CameraX can automatically determine the best resolution settings based on the use cases specified in cameraProcessProvider.bindToLifecycle(). Whenever possible, specify all the use cases needed to run concurrently in a single session in a single bindToLifecycle() call. CameraX will determine resolutions based on the set of use cases bound by considering the device’s supported hardware level and by accounting for device-specific variance (where a device may exceed or not meet the stream configurations available). The intent is to allow the application to run on a wide variety of devices while minimizing device-specific code paths.

The default aspect ratio for image capture and image analysis use cases is 4:3.

Use cases have a configurable aspect ratio to allow the application to specify the desired aspect ratio based on UI design. CameraX output will be produced to match the aspect ratios requested as closely as the device supports. If there is no exact-match resolution supported, the one that fulfills the most conditions is selected. Thus the application dictates how the camera should appear in the app, and CameraX determines the best camera resolution settings to satisfy that on different devices.

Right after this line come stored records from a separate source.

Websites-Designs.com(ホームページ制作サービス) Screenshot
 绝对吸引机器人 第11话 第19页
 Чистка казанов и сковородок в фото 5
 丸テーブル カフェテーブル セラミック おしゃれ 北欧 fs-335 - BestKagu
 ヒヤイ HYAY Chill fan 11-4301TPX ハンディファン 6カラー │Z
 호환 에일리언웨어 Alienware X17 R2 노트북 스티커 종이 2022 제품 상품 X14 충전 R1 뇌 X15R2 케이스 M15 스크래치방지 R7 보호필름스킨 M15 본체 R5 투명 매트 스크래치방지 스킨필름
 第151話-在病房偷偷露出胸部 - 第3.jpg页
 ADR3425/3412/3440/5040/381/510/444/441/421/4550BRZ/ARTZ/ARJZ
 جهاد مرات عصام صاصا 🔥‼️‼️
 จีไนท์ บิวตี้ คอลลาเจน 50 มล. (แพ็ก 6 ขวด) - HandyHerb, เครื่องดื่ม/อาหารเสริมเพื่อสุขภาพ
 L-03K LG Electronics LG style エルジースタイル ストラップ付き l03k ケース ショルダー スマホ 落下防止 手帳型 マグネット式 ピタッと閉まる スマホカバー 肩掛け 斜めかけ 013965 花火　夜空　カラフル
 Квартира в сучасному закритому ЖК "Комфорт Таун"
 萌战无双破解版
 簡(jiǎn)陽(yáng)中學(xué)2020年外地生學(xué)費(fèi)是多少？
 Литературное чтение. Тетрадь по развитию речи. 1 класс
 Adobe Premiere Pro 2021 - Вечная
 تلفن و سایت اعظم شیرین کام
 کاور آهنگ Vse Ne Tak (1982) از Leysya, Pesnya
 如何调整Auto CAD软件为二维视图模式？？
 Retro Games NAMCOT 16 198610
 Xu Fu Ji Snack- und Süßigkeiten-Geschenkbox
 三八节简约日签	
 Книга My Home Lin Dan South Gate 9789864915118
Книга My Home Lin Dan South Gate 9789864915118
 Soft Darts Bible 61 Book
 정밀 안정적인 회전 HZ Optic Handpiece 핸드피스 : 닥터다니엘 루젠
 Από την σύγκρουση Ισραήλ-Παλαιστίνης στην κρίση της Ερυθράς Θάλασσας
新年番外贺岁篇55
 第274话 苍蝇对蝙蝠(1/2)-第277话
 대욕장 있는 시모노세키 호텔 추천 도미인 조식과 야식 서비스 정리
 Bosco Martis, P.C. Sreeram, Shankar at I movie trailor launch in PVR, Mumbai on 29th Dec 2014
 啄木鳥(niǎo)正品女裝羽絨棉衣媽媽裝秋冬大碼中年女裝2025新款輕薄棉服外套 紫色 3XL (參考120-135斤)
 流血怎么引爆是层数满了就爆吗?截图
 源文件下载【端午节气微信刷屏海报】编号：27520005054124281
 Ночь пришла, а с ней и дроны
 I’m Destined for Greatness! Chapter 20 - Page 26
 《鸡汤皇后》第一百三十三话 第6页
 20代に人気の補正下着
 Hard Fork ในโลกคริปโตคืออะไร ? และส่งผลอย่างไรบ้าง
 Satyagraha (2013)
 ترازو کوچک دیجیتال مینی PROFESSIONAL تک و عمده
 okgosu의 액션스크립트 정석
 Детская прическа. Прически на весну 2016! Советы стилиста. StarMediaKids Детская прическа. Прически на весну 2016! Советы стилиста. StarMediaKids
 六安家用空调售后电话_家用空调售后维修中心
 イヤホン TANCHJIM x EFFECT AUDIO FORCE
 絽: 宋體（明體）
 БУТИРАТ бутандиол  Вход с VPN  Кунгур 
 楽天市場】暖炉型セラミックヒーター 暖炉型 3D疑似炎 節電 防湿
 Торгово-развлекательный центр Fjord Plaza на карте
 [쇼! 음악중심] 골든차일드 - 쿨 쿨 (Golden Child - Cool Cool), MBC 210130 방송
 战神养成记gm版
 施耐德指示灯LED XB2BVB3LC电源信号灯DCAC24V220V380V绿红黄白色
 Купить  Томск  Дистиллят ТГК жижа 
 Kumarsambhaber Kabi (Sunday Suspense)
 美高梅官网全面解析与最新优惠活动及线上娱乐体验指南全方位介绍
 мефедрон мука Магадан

For example an app can do any of the following:

  • Specify a target resolution of 4:3 or 16:9 for a use case
  • Specify a custom resolution, which CameraX will attempt to find the closest match to
  • Specify a cropping aspect ratio for ImageCapture

CameraX will choose the internal Camera2 surface resolutions automatically. The following table shows the resolutions:

Use case Internal surface resolution Output data resolution
Preview Aspect Ratio: The resolution that best fits the target to the setting. Internal surface resolution. Metadata is provided to allow a View to crop, scale, and rotate for the target aspect ratio.
Default resolution: Highest preview resolution, or highest device-preferred resolution that matches aspect ratio above.
Max resolution: Preview size, which refers to the best size match to the device's screen resolution, or to 1080p (1920x1080), whichever is smaller.
Image analysis Aspect ratio: The resolution that best fits the target to the setting. Internal surface resolution.
Default resolution: The default target resolution setting is 640x480. Adjusting both target resolution and corresponding aspect ratio will result in a best-supported resolution.
Max resolution: The camera device's maximum output resolution of YUV_420_888 format which is retrieved from StreamConfigurationMap.getOutputSizes(). The target resolution is set as 640x480 by default, so if you want a resolution larger than 640x480, you must use setTargetResolution() and setTargetAspectRatio() to get the closest one from the supported resolutions.
Image capture Aspect ratio: Aspect ratio that best fits the setting. Internal surface resolution.
Default resolution: Highest resolution available, or highest device-preferred resolution that matches aspect ratio above.
Max resolution: The camera device's maximum output resolution in a JPEG format. Use StreamConfigurationMap.getOutputSizes() to retrieve this.

Specify a resolution

You can set specific resolutions when building use cases using the setTargetResolution(Size resolution) method, as shown in the following code sample:


val imageAnalysis = ImageAnalysis.Builder()
    .setTargetResolution(Size(1280, 720))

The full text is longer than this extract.